Mylar Sheets – These are great if you want to make reusable stencils. I do find it a pain though to use them for painting because you have to wash it between each letter. Here’s a tutorial on using mylar sheets as cookie stencils.
Contact Paper – This is a great option if you have it around. However, if you are doing a lot of painting, it does tear easily. I also have a detailed tutorial on how to stencil with contact paper.
Wax or Freezer Paper – This is great for fabrics, you can iron it on and keep it in place. Check out my freezer paper tutorial for more details.
Paper – this is by far the cheapest option. sometimes I like to use magazine covers because they are a bit stiffer and have some sort of coating to keep it from falling apart.
Cutting Machine – I use a Cricut.

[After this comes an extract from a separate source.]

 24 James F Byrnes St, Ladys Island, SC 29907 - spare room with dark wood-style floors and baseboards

Check out my recommendations for Cricut machines and accessories for beginners for more info.
You could also use an Exacto knife as well.
How to stencil letters for a vintage style laundry room sign
Step 1: Prep the vintage sign blank
Start with a blank sign base. I used this super affordable rustic blank wood sign I got from Amazon. Canvas also works for these signs.

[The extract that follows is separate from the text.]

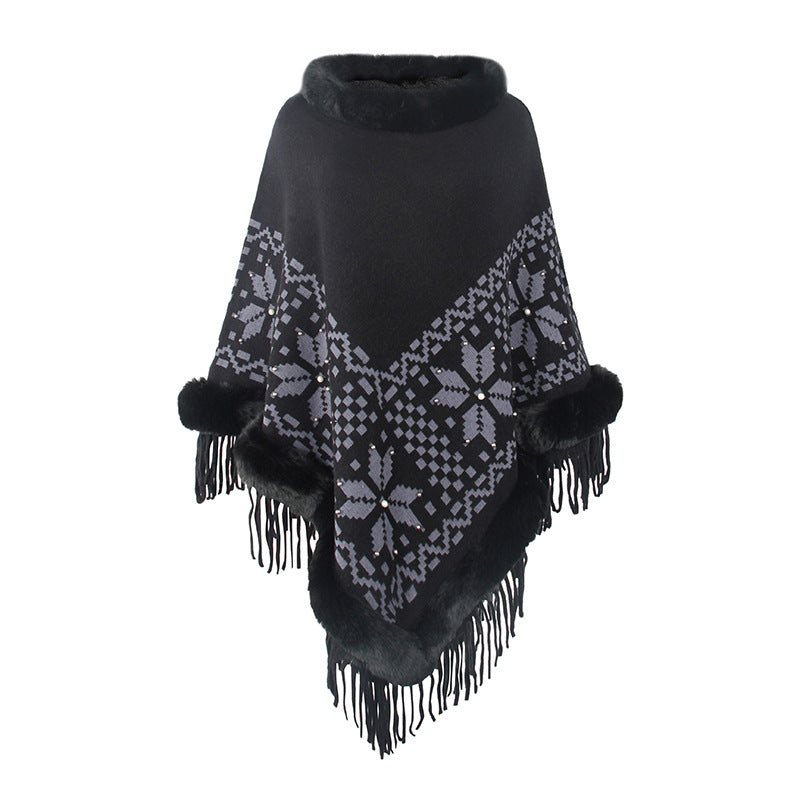 Elegant women's poncho with decorative fringe design and faux fur trim Lune London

Step 2: Position the stencils in place
In this particular example, I didn’t cut the stencil as one piece and instead just did it one letter at a time.
Mine overlapped a little bit but ideally, they don’t touch which makes it much easier to remove.

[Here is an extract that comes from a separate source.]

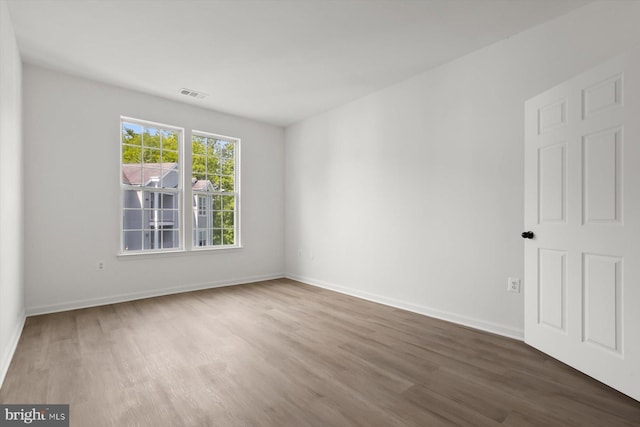 spare room featuring wood finished floors and baseboards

Step 3: Add either some Mod Podge, Elmers glue or Tacky glue.
You want to add some sort of polymer sealant so the paint doesn’t bleed.
I just use a q-tip for this part. You could also use a brush or sponge.
Step 4: Add the paint while the glue is still wet.
We want to do everything while it is wet because the polymer sealant tends to peel in chunks when dried.
I used acrylic paint in this case but any paint works. I just wouldn’t use a sharpie or marker because the ink is too thin and will bleed underneath the stencil easily.
Step 5: Peel the stencil
After I’ve done a couple of coats, I just peel the stencil off while it is wet.